Take the exact same 6-turn real conversation, drop it into openclaw, flip two switches:

Mode	raw input tokens	cache_read	Cost for 6 turns
passthrough (today's default)	24,151	0	$0.3623
with TELOS	0	18,701	$0.0281 (−92.3%)

Scale to 1,000 sessions: $362 → $26. In a controlled A/B/C/D run (showcase/dashboard.html, 2026-05-19) — 48 calls across 4 sessions, counterfactual bill $5.90, actual $3.74 — net saved $2.16 (−36.6%). One dev machine, one afternoon. Multiply by team scale, and that's a real server invoice every month.
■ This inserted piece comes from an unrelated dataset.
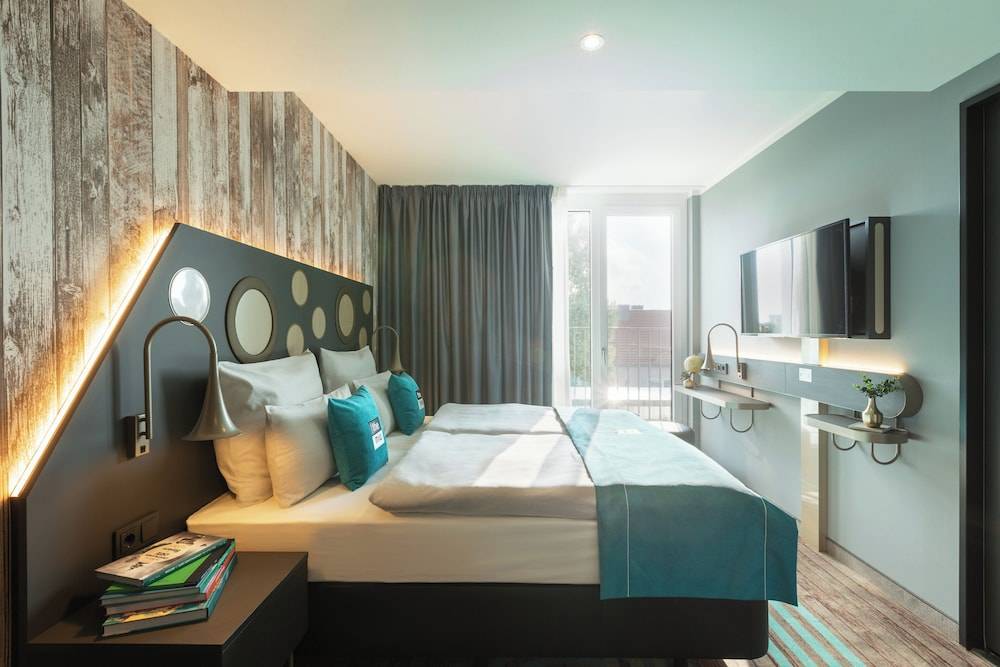 Holiday Inn - the niu, Brass Munich Olympiapark by IHG 2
Stop measuring in "X× fewer tokens." In 2026, the pricing gap between tiers of the same model family already spans 80×–150×. Anyone can inflate a ratio by stuffing the cheapest tier in the denominator — absolute dollars are the only number that doesn't lie.

⬢ 3-step to save 90%

❶ Install

pip install -U telos-sdk

❷ Connect

telos init

Auto-detects claude-code / codex / openclaw / hermes on this machine, injects config into each, and starts the local gateway in the background (state written to ~/.telos/gateway.json). No changes to your agent code.

❸ Observe

telos dashboard

Opens an offline HTML dashboard in your browser showing savings per call in absolute dollars. Every invocation is automatically appended to ~/.telos/usage.jsonl and aggregated in real time.
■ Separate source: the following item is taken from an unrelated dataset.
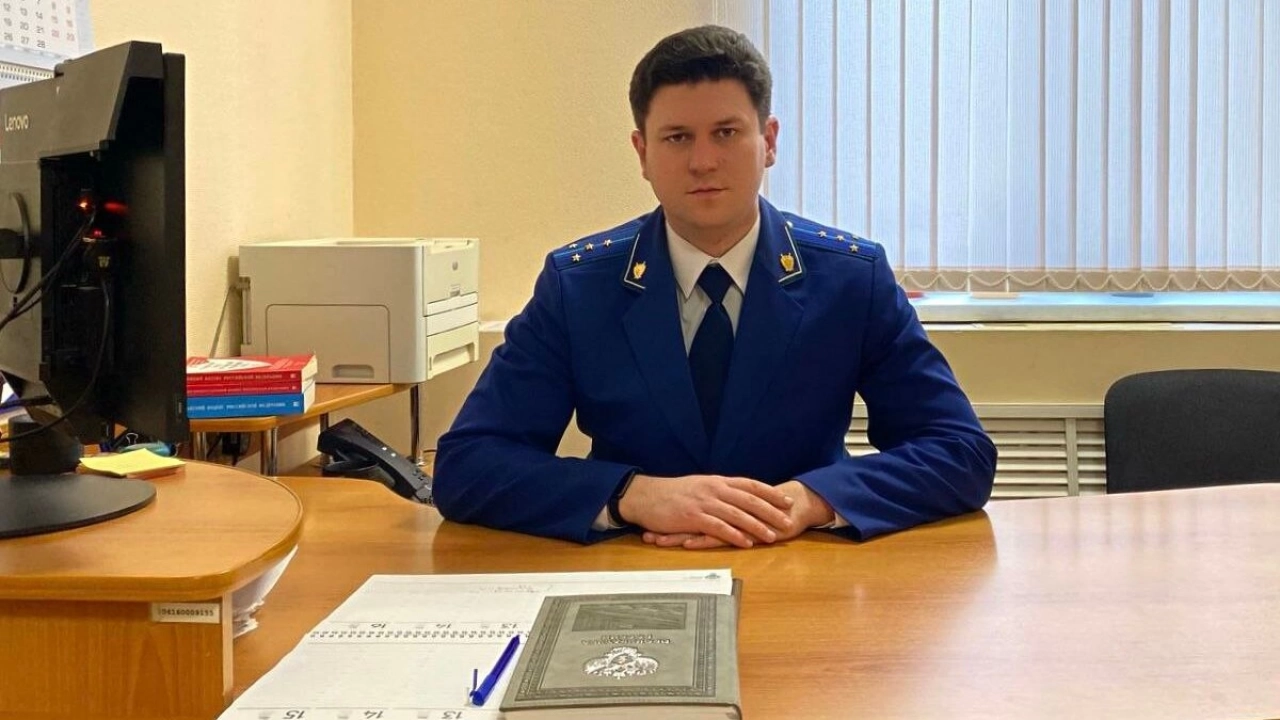Егор Маслов назначен новым прокурором Духовницкого района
_{Every saving pinned to an absolute dollar figure · No cloud server required · Opens offline · ~/.telos/usage.jsonl fed directly into a single-file HTML page}

TELOS is open source. Run it on your own workflow — see whether that 92% is real, or just another "X× tokens" claim.

⬢ Support Matrix

Harness support

Harness	Typical usage	`telos init` auto-connect	Status
Claude Code	Anthropic-native coding agent workflow	✅	🟢 First-class
OpenClaw	Open-source agent runtime with TELOS parser integration	✅	🟢 First-class
Hermes	Multi-agent orchestration with independent sub-IR handling	✅	🟢 First-class
Codex	OpenAI-style coding workflow via local gateway injection	✅	🟢 Supported

Frontier model support

Model family	Provider	Through TELOS engine adapter	Notes
Claude (4.x / 4.6+)	Anthropic	✅	Explicit breakpoints and prewarm path
GPT (4+/5.x)	OpenAI	✅	Uses `prompt_cache_key` routing strategy
DeepSeek (V3+)	DeepSeek	✅	Deterministic byte-stable prefix behavior

Inference framework support

Framework	Deployment style	Through TELOS	Cache-aware capabilities
vLLM	Self-hosted OpenAI-compatible serving	✅	Explicit anchors, prewarm, cache probe/evict, partial fork-and-replace
SGLang	Self-hosted high-throughput serving	✅	Explicit anchors, prewarm, cache probe/evict, full fork-and-replace

_{Need another harness or model backend? TELOS is adapter-driven: keep the same IR and add an engine/harness adapter without rewriting your agent logic.}

⬢ TELOS solves exactly two things

① Push token efficiency to the limit. 6-turn real session −92.3%; controlled 48-call run −36.6% (net −$2.16). Every cent accounted for in absolute $/query-resolved — ratios can be faked; dollars can't.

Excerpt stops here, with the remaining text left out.